Harris’ identity as an immigrant and a Black woman has shaped her career. She moved from Jamaica to the United States as a child. She was the only Black student in her class at an all-girls high school, where she discovered a love of biology.
Her professors, during her undergraduate studies, fueled her interest in neuroscience, leading her to medical school and residency at Stanford. After fellowships in Jamaica and New Orleans, she returned to Stanford in 2009, where she currently directs the Defense Veterans Brain Injury Center, among other roles.
In 2018, she became one of the first Black female neurosurgery professors in the country.
Harris has called out medicine’s lack of racial and gender diversity, telling stories of patients and peers overlooking her white lab coat and asking her to run errands and do chores.
She also praises the many role models, mentors and colleagues who supported her as she made her own way and became a role model to Black girls who can dream of following in her footsteps.
“I may never go into space like Dr. Jemison, but I’m comforted in knowing that there is a generation of girls and African American youth who can look to my work,” she said in a 2019 TEDx Talk, “and they will know that they too can make science real in their lives.”
Tara VanDerveer
In a quiet gym, void of spectators due to the pandemic, Stanford Women’s Basketball head coach Tara Vanderveer’s voice echoed across the floor: “Hit that shot!”
When the final buzzer sounded on Stanford’s 104-61 victory over University of the Pacific on Dec. 15, 2020, VanDerveer became the winningest head coach in women’s college basketball history, with 1,099 wins.
A few months later, she hit 1,125 when the Cardinal beat Arizona by one point for the NCAA title.
VanDerveer played ball and studied sociology at Indiana University. She was head coach at Idaho and Ohio State before moving to Stanford in 1985.
Along with the 2021 title, she led Stanford to NCAA championships in 1990 and 1992, and was at the helm for 24 Pac-12 regular-season titles. She coached the 1996 Olympic team to gold in Atlanta and is a member of the Naismith Memorial Basketball Hall of Fame and the Women’s Basketball Hall of Fame.

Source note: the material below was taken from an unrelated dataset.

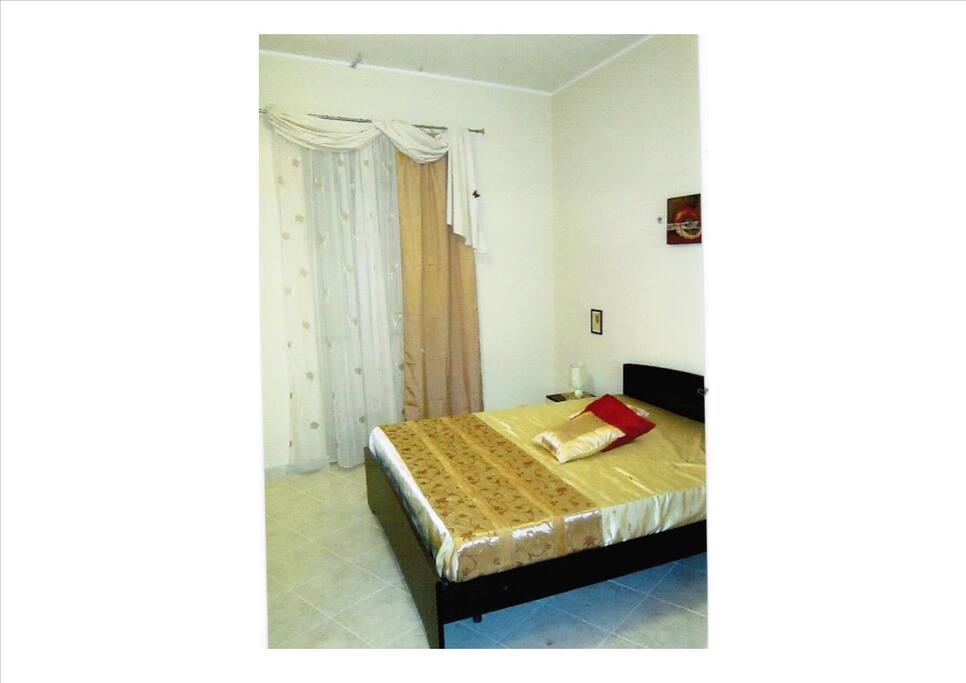 Camera da letto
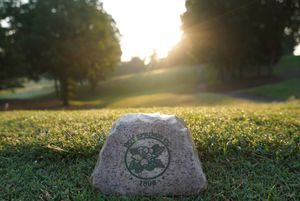 Image post by @AJGAGolf on Twitter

VanDerveer is also a champion for women in sports. The Tara VanDerveer Fund for the Advancement of Women in Coaching supports fellowships in multiple sports at colleges across the country. She’s hired only women assistant coaches at Stanford and spoken against disparities in treatment, training and pay – an issue that earned national attention at last year’s NCAA championships.
“Women athletes and coaches are done waiting,” she wrote in 2021, “not just for upgrades of a weight room, but for equity in every facet of life.”
VanDerveer and Stanford Women’s Basketball return to March Madness this week. She’s now up to 1,153 wins.